Удивительный проект этот был предложен специалистом по тайным операциям, участником Русско-японской войны, Генерального штаба капитаном И. В. Свирчевским, но в полной мере так никогда и не достиг стадии реализации – прежде всего из-за сложности в исполнении и отсутствии должного финансирования. Тем не менее усилия по хотя бы частичному претворению плана в жизнь военным командованием предпринимались, и в фокусе внимания разведчиков оказались возможности семинарии в Токио. Главным энтузиастом в решении вопроса о хотя бы частичной реализации плана создания «Восточной коммерческой школы» был тот самый капитан И. В. Свирчевский. Известные подробности его биографии свидетельствуют о том, что он был настоящим фанатом своего дела. После возращения с Дальнего Востока он продолжил службу в армии, занимаясь тем, что, судя по всему, получалось у него лучше всего: «В период с 28.09.1909 г. по 30.12.1910 г. находился в Румынии, где изучал румынский язык. Осенью 1911 года дважды посещал Кишинев с секретными поручениями, после чего представлен к воинскому званию "полковник". За службу в Одесском военном округе [награжден] орденом Св. Станислава 2-й степени».

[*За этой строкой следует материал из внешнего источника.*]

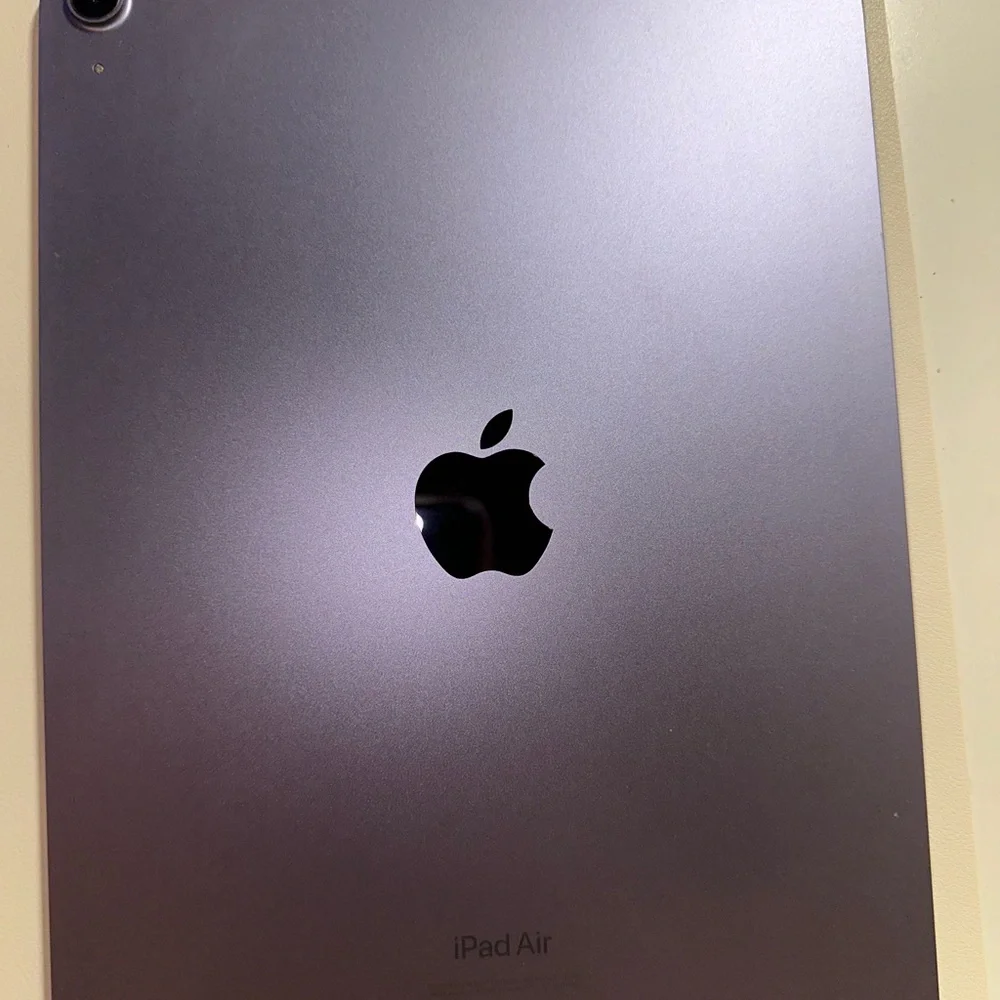 Apple iPad Air 5th Gen. (10.9-inch, Wi-Fi + Cellular, 64GB) - Purple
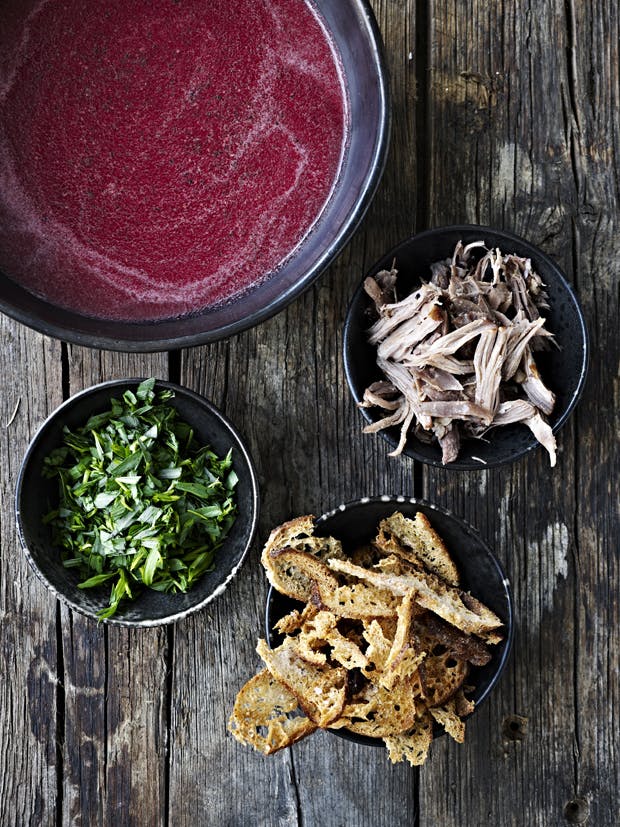 Rødbedesuppe med langtidsstegt andelår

Мировую войну полковник Свирчевский встретил в должности начальника штаба 63-й пехотной дивизии. В 1915 году принял под начало 63-й Суздальский пехотный полк, которым командовал когда-то А. В. Суворов и который в память об этом носил его имя. Снова был награжден – на этот раз Владимиром с мечами.
Страница 9 из 24

После Февральской революции стал генералом, получил дивизию, но в 1918 году, будучи поляком по происхождению, Свирчевский отправился в Киев, где вступил было в Украинскую армию гетмана Скоропадского, однако быстро разобрался, что к чему, и уже в осенью того же года оказался на Дону, где встал под знамена Белого движения. Командовал 8-й Донской пластунской бригадой. Судьба генерала И. В. Свирчевского после ноября 1920 года неизвестна. Сохранились сведения о том, что он отказался вместе с остатками Белой армии покинуть Крым, после чего пропал. Почему он остался – до сих пор неизвестно. К сожалению, наиболее правдоподобный вариант развития его судьбы обычен для оставшихся: гибель во время массовых казней от рук чекистов[26 - Возможно, все не так просто. Дело в том, что в это же время пропал сын Свирчевского Виктор. Пропал, а затем внезапно нашелся. По одним данным, он ушел с белыми в Болгарию, откуда, нелегально перейдя границу, вернулся в СССР в 1924 г. По другим – сын генерала уже с 1921 г. был членом партии большевиков. В 1935 г. Виктор Свирчевский был исключен из партии и сослан в Красноярский край как «социально опасный элемент», а затем арестован, но ненадолго. Всю жизнь он так и прожил в Сибири, став местной знаменитостью – основателем шахматного клуба. Следы его потомков теряются в Израиле.].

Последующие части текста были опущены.